### WHAT YOU SHOULD DO
Once the line containing "5bdrm House in Borella for sale" is found in the records below, return it and each following line exactly, up to and including the line containing "Tammurriata Nera Bedroom", and nothing else.
------ THE DATA
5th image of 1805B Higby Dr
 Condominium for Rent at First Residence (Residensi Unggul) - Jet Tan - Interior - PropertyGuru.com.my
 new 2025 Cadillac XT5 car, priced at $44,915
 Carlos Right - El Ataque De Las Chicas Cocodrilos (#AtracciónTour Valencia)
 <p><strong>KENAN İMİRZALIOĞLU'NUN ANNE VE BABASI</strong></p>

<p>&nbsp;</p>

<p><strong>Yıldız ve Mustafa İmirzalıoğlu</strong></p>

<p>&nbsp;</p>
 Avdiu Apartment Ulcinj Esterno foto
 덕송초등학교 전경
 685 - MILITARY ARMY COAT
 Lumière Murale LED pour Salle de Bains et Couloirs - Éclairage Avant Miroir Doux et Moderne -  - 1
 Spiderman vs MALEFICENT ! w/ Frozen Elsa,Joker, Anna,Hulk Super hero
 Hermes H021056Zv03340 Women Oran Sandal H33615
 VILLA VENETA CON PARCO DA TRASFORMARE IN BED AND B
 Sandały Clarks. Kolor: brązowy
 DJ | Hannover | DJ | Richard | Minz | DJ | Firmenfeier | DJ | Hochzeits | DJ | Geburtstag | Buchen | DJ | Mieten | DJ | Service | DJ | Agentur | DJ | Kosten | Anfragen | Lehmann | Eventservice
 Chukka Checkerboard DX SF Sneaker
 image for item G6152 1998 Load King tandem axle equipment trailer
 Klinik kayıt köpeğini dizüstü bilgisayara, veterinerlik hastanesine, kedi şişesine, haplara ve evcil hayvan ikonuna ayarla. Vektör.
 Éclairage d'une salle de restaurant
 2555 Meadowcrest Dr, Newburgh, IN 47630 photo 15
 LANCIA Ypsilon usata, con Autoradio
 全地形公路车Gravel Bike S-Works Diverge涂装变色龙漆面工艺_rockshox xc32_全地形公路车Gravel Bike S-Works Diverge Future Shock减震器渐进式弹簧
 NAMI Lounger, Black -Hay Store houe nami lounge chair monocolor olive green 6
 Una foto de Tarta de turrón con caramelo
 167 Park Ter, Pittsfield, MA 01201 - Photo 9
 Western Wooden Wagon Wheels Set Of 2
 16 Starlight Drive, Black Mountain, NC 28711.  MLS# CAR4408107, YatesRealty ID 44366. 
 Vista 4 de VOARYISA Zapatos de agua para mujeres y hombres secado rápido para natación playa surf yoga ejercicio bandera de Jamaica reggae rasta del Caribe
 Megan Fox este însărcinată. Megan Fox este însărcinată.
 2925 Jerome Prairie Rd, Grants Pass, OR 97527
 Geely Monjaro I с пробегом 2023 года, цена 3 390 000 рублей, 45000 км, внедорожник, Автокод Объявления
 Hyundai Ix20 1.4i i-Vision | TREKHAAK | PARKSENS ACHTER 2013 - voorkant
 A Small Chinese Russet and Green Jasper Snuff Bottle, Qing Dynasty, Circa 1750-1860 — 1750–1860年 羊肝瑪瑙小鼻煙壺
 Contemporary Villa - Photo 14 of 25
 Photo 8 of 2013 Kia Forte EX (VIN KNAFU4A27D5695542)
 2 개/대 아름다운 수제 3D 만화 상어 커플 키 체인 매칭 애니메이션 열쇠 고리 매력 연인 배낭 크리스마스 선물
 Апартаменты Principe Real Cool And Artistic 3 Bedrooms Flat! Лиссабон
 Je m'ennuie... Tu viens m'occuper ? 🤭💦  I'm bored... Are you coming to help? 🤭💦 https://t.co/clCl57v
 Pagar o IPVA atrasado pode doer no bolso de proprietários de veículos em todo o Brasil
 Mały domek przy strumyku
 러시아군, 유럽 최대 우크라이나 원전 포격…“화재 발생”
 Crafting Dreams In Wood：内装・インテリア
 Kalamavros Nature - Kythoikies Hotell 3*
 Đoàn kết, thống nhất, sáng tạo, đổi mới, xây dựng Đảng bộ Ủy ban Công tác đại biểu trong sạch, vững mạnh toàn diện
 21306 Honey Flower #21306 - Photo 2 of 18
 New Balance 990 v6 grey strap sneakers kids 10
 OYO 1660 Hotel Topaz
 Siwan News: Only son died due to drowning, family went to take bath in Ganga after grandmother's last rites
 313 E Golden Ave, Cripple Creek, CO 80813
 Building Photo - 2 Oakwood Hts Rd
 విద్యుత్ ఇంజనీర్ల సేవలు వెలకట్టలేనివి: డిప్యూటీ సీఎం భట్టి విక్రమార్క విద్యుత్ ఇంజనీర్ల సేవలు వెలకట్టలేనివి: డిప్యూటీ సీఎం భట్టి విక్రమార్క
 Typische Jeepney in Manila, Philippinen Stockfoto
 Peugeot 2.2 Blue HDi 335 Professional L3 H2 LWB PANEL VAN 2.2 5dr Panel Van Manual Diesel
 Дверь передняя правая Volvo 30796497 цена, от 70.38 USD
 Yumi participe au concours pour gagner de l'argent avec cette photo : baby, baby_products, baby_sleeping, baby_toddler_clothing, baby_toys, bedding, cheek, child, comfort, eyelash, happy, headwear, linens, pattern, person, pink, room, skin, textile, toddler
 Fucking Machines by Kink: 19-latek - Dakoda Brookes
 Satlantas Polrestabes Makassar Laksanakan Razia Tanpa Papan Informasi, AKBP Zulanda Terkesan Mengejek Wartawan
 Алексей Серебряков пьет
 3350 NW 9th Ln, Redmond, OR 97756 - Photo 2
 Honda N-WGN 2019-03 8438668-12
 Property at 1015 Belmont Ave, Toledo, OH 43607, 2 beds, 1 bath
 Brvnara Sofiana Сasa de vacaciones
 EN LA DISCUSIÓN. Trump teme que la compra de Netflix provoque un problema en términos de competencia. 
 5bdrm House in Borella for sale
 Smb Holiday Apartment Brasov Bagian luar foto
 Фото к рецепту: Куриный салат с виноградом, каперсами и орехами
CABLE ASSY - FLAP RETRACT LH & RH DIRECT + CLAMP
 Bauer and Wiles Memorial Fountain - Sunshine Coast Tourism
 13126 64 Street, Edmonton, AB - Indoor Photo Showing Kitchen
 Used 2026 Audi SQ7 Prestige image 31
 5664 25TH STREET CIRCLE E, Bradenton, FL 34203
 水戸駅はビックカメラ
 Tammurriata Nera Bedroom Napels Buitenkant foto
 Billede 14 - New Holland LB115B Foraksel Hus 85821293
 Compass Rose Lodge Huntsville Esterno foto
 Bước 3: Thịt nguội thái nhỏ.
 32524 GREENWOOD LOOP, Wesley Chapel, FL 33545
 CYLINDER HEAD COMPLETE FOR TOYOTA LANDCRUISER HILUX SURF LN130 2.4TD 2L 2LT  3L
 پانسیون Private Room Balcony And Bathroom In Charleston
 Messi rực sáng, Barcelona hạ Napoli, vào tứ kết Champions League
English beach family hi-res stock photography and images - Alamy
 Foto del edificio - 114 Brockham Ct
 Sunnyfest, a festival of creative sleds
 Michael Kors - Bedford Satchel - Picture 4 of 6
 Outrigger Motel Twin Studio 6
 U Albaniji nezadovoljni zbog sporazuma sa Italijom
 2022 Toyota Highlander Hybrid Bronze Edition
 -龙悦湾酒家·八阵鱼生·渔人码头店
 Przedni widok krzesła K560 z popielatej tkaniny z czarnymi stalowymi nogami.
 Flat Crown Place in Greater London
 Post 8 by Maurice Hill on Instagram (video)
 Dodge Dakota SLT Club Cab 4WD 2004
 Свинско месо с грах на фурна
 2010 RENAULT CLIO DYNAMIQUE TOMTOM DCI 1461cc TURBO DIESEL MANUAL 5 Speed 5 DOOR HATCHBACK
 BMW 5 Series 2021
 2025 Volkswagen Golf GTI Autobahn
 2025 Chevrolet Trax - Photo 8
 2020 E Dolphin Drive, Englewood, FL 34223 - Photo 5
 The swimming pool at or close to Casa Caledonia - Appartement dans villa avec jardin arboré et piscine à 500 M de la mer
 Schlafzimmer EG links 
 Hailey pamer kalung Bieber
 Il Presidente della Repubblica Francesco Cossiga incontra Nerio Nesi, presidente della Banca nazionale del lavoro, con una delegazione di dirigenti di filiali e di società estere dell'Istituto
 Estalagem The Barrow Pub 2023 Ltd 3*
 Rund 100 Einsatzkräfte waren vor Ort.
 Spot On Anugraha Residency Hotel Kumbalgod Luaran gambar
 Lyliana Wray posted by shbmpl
------------
### OUTPUT BELOW
 5bdrm House in Borella for sale
 Smb Holiday Apartment Brasov Bagian luar foto
 Фото к рецепту: Куриный салат с виноградом, каперсами и орехами
CABLE ASSY - FLAP RETRACT LH & RH DIRECT + CLAMP
 Bauer and Wiles Memorial Fountain - Sunshine Coast Tourism
 13126 64 Street, Edmonton, AB - Indoor Photo Showing Kitchen
 Used 2026 Audi SQ7 Prestige image 31
 5664 25TH STREET CIRCLE E, Bradenton, FL 34203
 水戸駅はビックカメラ
 Tammurriata Nera Bedroom Napels Buitenkant foto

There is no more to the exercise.